Es el cambio absoluto de paradigma en las relaciones entre los Estados, el respeto a las reglas de juego -no sólo las comerciales, sino las que garantizan la legalidad internacional, hoy, destrozada por el genocidio atroz que está cometiendo Israel en Gaza o la invasión mediante la guerra de una parte de un país, Ucrania, por parte de otro, Rusia, y que Estados Unidos, con su presidente al frente, parece justificar e, incluso, defender- o el sistema multilateral creado en Bretton Woods, después de la segunda guerra mundial, impulsado por los mismos Estados Unidos que, ahora, reniegan de él.
Uno de los cambios, sin duda, tiene que ver con la política comercial, que ha pasado del respeto a la OMC y sus reglas y los acuerdos multilaterales, al proteccionismo y políticas productivas autárquicas propias de la primera mitad del siglo pasado. Es un empeño de Estados Unidos en el que, parece, van a caer también muchos otros países como ya ha decidido China, con aranceles recíprocos a las importaciones de Estados Unidos, del 34%, o la UE, que los ha anunciado pero que espera todavía a un cambio de actitud de Trump, muy poco predispuesto, no obstante, a abrirse a la negociación.

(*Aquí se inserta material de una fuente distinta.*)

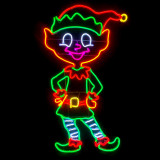LED Neon Strip Light Girl Elf Christmas Decoration - Lighted Sign - Multi-Color - 36 Inch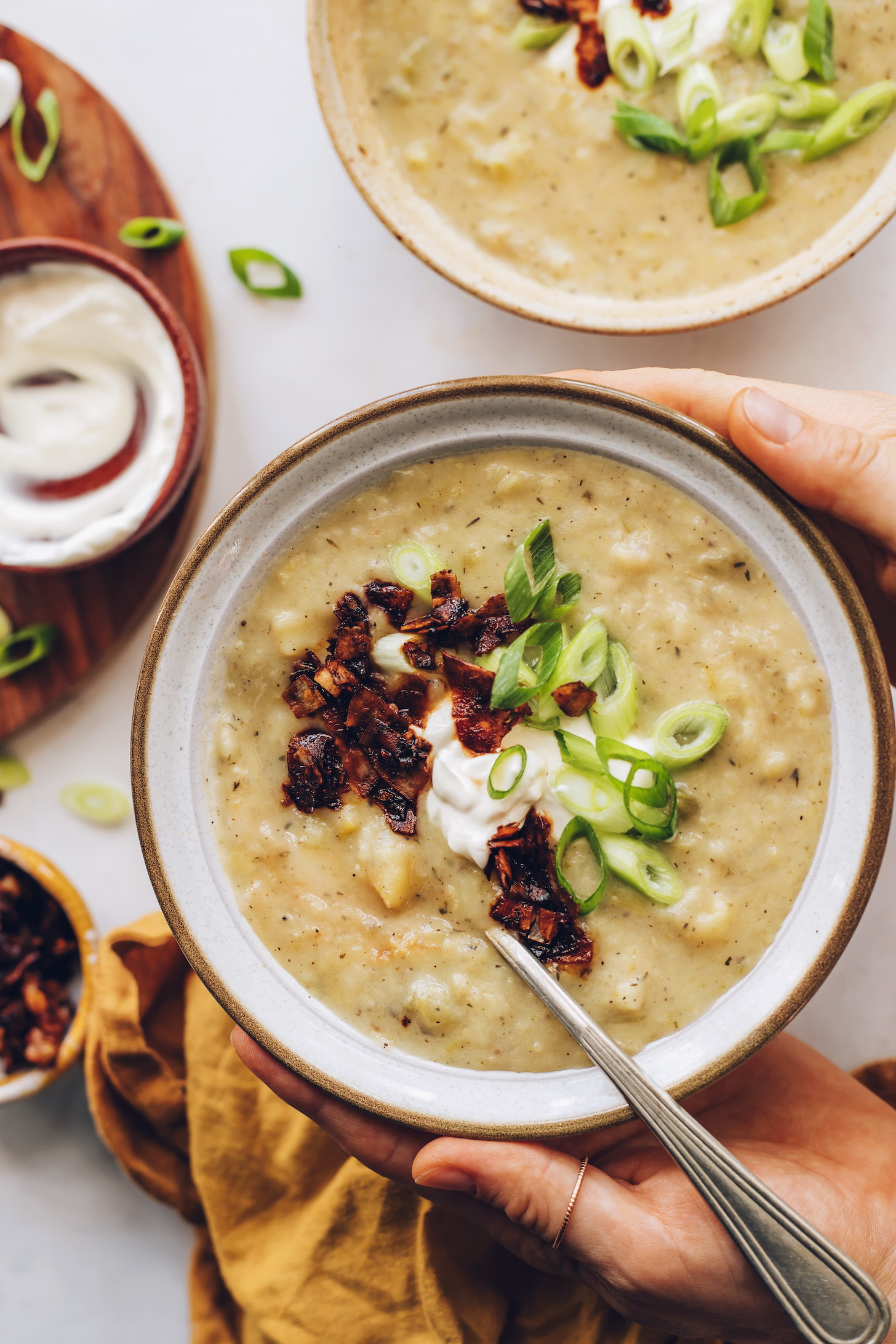 Creamy Vegan Potato Leek Soup_healthy fall soup recipes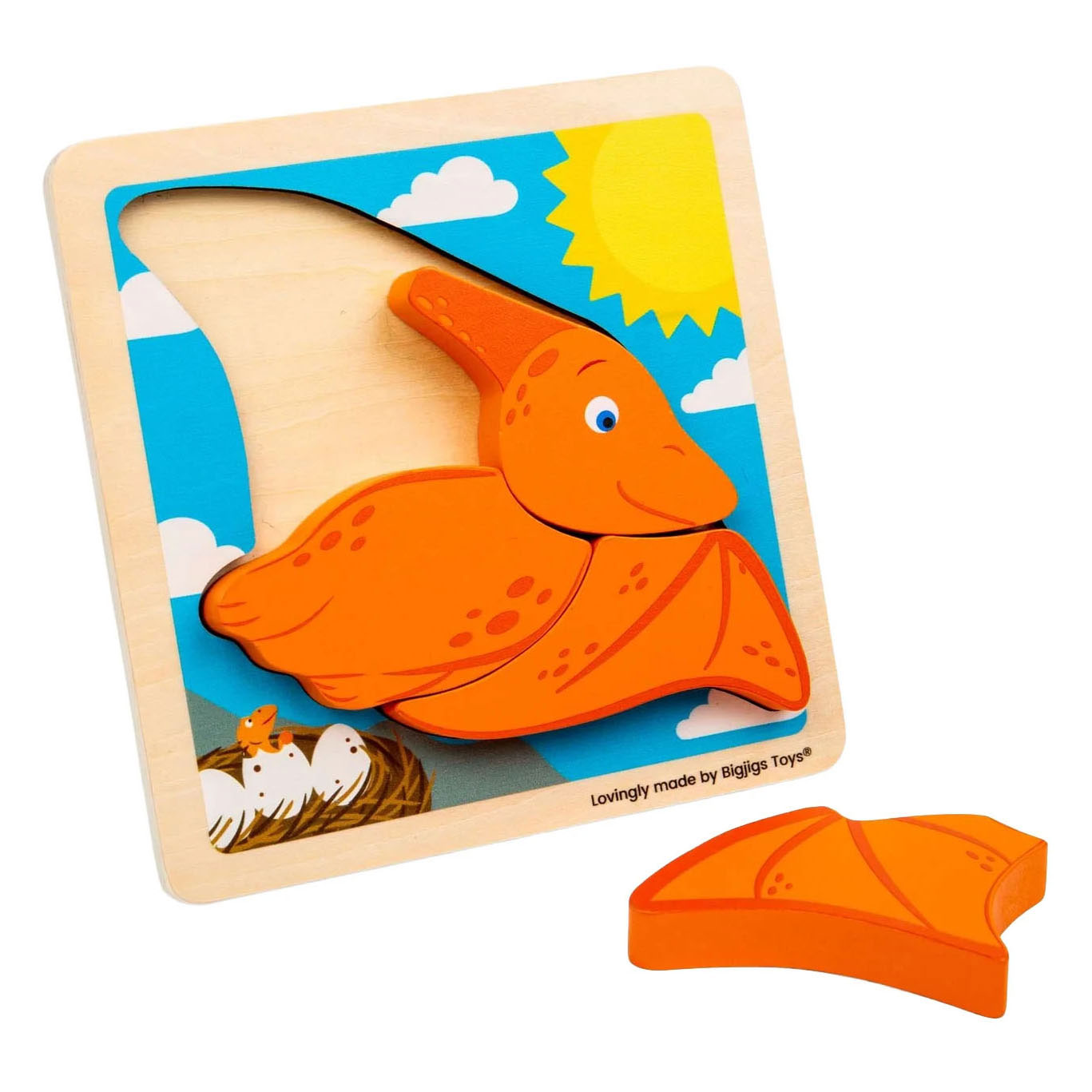 Bigjigs Houten Vormenpuzzel Pterodactyl - 4st.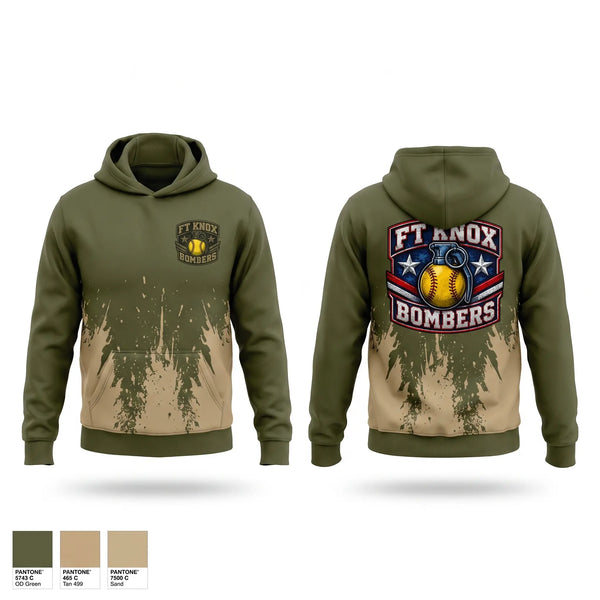 Hoodie, Fort Knox Bombers, Softball, Teamtime, Team time, sublimation, custom sports apparel, team uniforms, spirit wear, spiritwear, sports uniforms, custom shirts, team store, custom team store, fundraiser sports, apparel fundraiser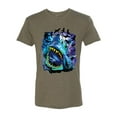 thumbnail image 2 of Great White Shark Species in Ocean | Mens Fishing Premium Tri Blend T-Shirt, Military Green, Small, 2 of 3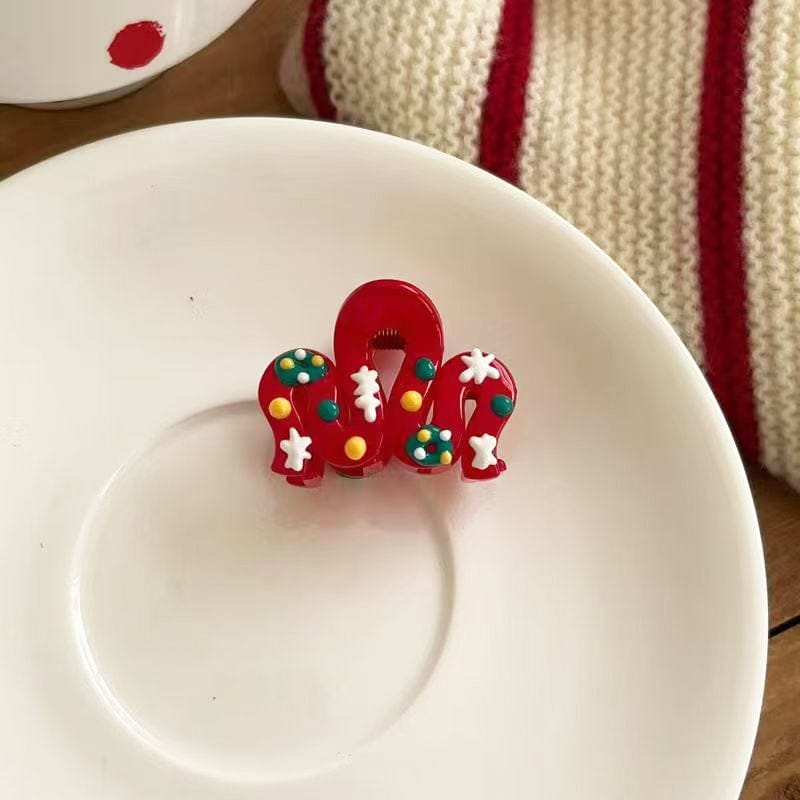 Mini Red Christmas Snow Top Hair Claw Clips | NueShiny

Para nuestro sector agroalimentario, los efectos directos van a existir, y aunque sean pequeños en líneas generales (España exportó a Estados Unidos, en 2024, productos agroalimentarios por valor de 3.609 millones de euros, menos de un 5% del total de nuestras exportaciones en el sector), serán determinantes para productos concretos, como el aceite de oliva (del que exportamos a Estados Unidos en 2024 por valor de más de 1.000 millones de euros), el vino o el queso -donde el manchego destaca con cerca de 60 millones de euros de facturación en la exportación a dicho mercado-, muy especializados en producciones de alto valor, muy demandadas por el mercado norte americano, lo que puede paliar, en parte, los efectos negativos de los aranceles -consumidores que notarán “menos” el incremento de los precios-.

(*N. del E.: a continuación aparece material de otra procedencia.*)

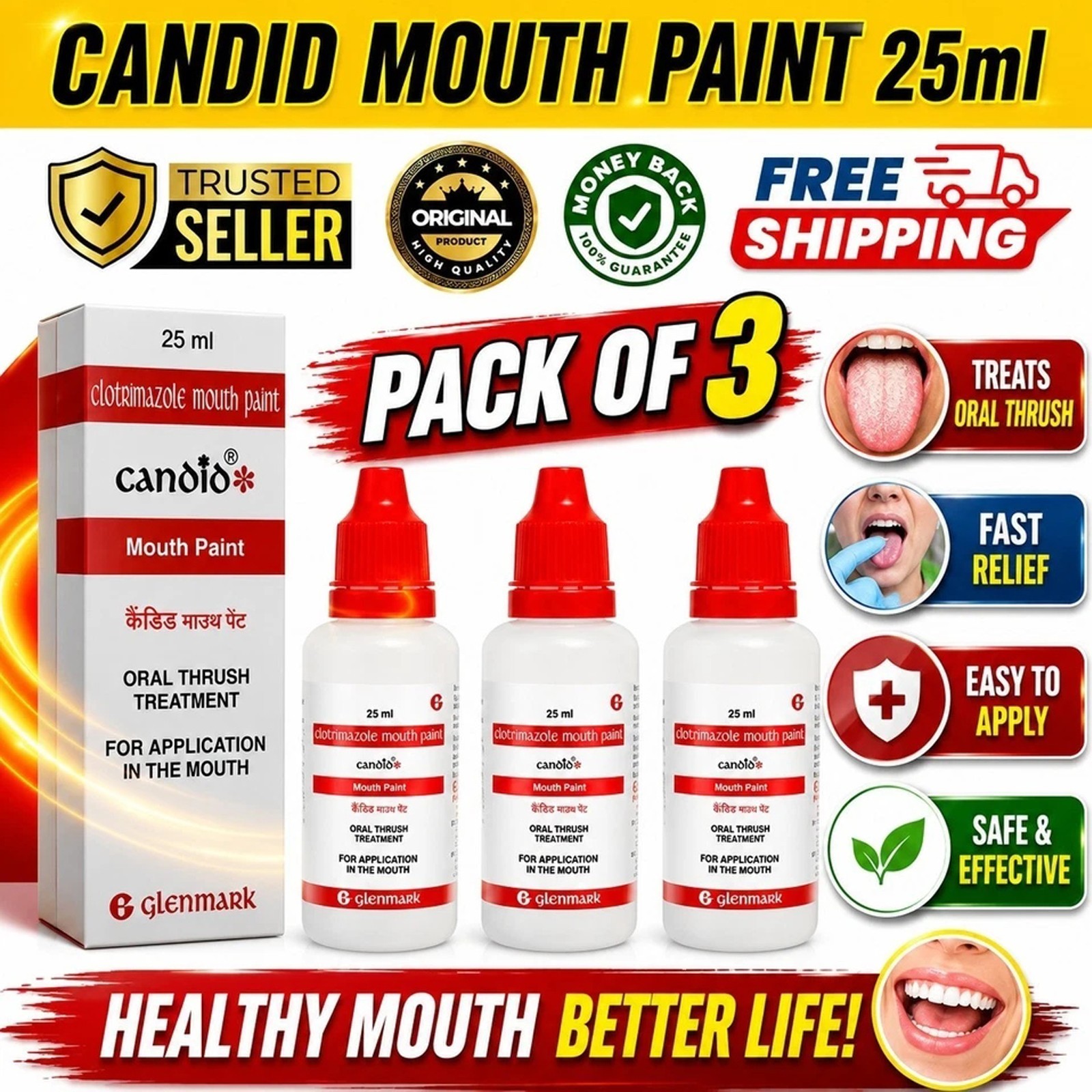 Pack of 3 Candid Mouth Paint For Oral Thrush Treatment 25 ml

No obstante, es previsible una disminución del peso de las exportaciones españolas a este mercado, una pérdida de visibilidad y una mayor penetración de algunos competidores con aranceles más bajos y costes de producción más competitivos. Esto obligará a reactivar el consumo interno en España -en línea con la campaña anunciada por el presidente del gobierno- y a buscar mercados alternativos. También, teniendo en cuenta la dependencia española del haba de soja o los frutos secos de Estados Unidos (más de un 50% en valor entre los dos, de las importaciones agroalimentarias de Estados Unidos, que alcanzaron en 2024 los 2.051 millones de euros), será necesario apoyar al sector ganadero -consumidor del haba de soja- y a los consumidores, que podrían sufrir un aumento de los precios en algunos productos.
Todo un reto para que la geopolítica, al “bajar a la tierra”, no perjudique a quien más debe importarnos, los ciudadanos y el tejido empresarial, mediano y pequeño, de nuestro sector agroalimentario.